My answer? I wrote.  Every day. A net gain of 2,000 words at minimum. No excuses. No matter how much I wanted to crawl into bed and pull the covers over my head, I dragged my sorry ass into my office each morning. The first week I was up until midnight nearly every night. But I refused to leave my desk unless I had made my progress. 2,000 words a day shouldn’t be that hard. But when you aren’t in tune with your story or characters, it sure seems like a lot. I was doing a lot of deleting, some days logging over like 4,000 words or more just to keep my minimum net daily gain. The first thing I’d do when I opened my document was delete half the crap I wrote the day before. I couldn’t keep the plot lines and character arcs in my head from day to day. I was a goldfish in a bowl, swimming all day and not going anywhere. I sucked.

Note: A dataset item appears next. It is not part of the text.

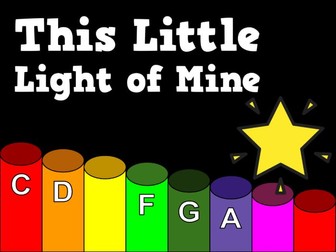 This Little Light of Mine -  Boomwhacker Play Along Video and Sheet Music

But another 2 weeks went by and I was deleting less and adding more. I started keeping a list of notes. I added two additional subplots that hadn’t been in my plan. Then one day I woke up excited to write. YEAH!!!!

Hello, Mojo! Where have you been?

I’m not quite finished yet. I have maybe 10,000 words to go to finish my first draft. Does it still need work? Yes. Do parts of the book still suck. Yes again. Am  I super-enthusiastic to work on it every morning? Not really. But as long as I finish this freaking draft, I can fix it. It’s not like I chiseled the words into a slab of granite. All I have to do is type over them. It’s not that hard. Why couldn’t I look at it this way a month ago?

So, when self-doubt strikes, I recommend planting your butt in the chair and write if you have to duct tape your ass to the seat.  Yes, the goldfish feeling sucks, but I haven’t found a shortcut to getting back into the groove. Has anyone else?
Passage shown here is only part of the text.